In the wake of the horrific murders at the satirical French magazine Charlie Hebdo, you may find dozens commentaries on free speech, on hate speech, on Islam, on integration, and what the killings tell us about all of that. (There are too many to list here, but this one featuring Claire Adida is notable because she’s a French political scientist who actually studies Muslim integration in France.)
You should also read commentary that reminds us that Charlie Hebdo’s satire really was difficult. It was, indeed, offensive. Divisive even among non-Muslims in France. You may also read that the way that Charlie Hebdo mocked Islam is racist. Two examples are Jacob Canfield at Hooded Utilitarian, and Richard Seymour at Jacobin.
This allegation of racism is problematic. It fundamentally misunderstands Islam, the challenges that Muslims face in Europe and elsewhere, and the role that race does play in shaping and supporting the grievances of Muslims in the West.
It is, of course, obvious that Islam is not a race. As a faith, Islam eschews racial categorization in favor of a humanity divided into believers and unbelievers. In my work on Muslim Southeast Asia, I have found it profitable to think explicitly about the ways in which perceptions of racial distinction shape interethnic relations. Doing so brings into relief the role of Islam in bridging these perceived racial differences. (Nowhere is this clearer than in Malaysia, where the fundamental prerequisite for becoming Malay [masuk Melayu] is to become Muslim.) At the same time, racism has long existed within the Muslim world based on place of origin, phenotype, or perceived descent.

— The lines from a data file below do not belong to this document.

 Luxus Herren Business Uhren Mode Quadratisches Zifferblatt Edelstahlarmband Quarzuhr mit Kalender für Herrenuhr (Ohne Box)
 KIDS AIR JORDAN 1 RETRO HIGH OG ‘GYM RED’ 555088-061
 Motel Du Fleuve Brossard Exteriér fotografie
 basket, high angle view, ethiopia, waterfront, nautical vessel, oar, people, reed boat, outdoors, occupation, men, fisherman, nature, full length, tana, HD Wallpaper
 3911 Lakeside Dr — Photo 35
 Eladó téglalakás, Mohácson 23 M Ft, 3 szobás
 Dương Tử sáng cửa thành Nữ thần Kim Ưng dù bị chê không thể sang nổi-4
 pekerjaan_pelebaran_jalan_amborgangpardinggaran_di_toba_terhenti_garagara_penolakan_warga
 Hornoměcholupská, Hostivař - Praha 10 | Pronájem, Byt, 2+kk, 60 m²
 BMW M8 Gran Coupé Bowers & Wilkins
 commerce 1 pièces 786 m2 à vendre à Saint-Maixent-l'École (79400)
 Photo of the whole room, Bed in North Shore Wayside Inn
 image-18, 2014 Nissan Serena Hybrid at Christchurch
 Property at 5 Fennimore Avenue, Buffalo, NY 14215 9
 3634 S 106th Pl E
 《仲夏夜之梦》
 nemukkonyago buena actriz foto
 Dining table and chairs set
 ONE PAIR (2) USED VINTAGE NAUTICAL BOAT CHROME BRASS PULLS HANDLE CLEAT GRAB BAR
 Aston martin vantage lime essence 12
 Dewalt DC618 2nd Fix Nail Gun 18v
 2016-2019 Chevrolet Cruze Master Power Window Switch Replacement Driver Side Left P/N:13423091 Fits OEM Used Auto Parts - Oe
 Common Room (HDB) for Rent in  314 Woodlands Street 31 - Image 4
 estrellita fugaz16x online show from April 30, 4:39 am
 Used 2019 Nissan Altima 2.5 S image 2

But this point is almost too obvious. I imagine Canfield, Seymour, and others reading these words and rolling their eyes. “Of course Islam isn’t a race, but the way in which Islam is portrayed is racist.”
This reply also fails. We know from recent research that Muslims face conditions of discrimination that transcend their perceived race. More to the point, though, Charlie Hebdo’s mockery of Islam targets not the Muslim as a person, but a set of beliefs held by a subset of Muslims. That mockery has power because it forces readers, Muslim and non-Muslim, to examine the essence of religious belief. These cartoons play on the contested foundations of a spiritual identity. And those foundations are indeed contested, they are political, within Islam. That is how to “get” the cartoons, even if you find them offensive and inappropriate.
Eliding anti-Islam rhetoric with racism also obscures racism qua racism. It won’t do to label every instance of “whites punching down” as racism, because it prevents us from seeing that the mechanisms that produced hierarchies of race, class, and privilege really are different for Muslims and racial and ethnic minorities. They may be interrelated, of course. Nigerian Muslims in the United States are not merely Muslim, they are also Black. But my point is this: the narratives of the dangerous convert, the sleeper, the invisible cancer, all of which characterize the contemporary condition of Muslims in the West, none of those has a clear analogue in race. When racists imagine the problem of integration, they imagine a condition that stems from birth, a destiny inherited biologically. When Islamophobes imagine the problem of integration, they imagine a struggle of ideas, one in which all are vulnerable, in which the most frightening threat is the convert. (This is why commentary about Islamic radicals is so obsessed with pointing out that radicals, say, used to smoke marijuana or visit prostitutes. Even a “bad” Muslim is a dangerous one.)
The analogue for this kind of panic about Islam is not race. It’s communism. And the mockery of Islam by Charlie Hebdo is biting precisely because it targets a belief held sacred, not because it portrays all Muslims as having inherent, immutable attributes.
Note that I am not arguing that there is nothing racial about anti-Muslim attitudes, or the larger problem of Islam in Europe. There surely is. But the term that describes this phenomenon is the racialization of Islam in the West. The Tsarnaev brothers offer a compelling example from the U.S. But the racialization of Islam is an example of a broader racialization of poverty, of violence, of class. (A vivid example of these is Vinz, Vincent Cassel’s character in La Haine.)
Thinking through the racialization of Islam in France, and in the West in general, is obviously good, in a way that Edward Said (enlisted by Seymour as his first line of defense) would approve of. But understanding exactly how Charlie Hebdo’s mockery of Islam is not racist is the first step in taking the challenges of Charlie Hebdo seriously.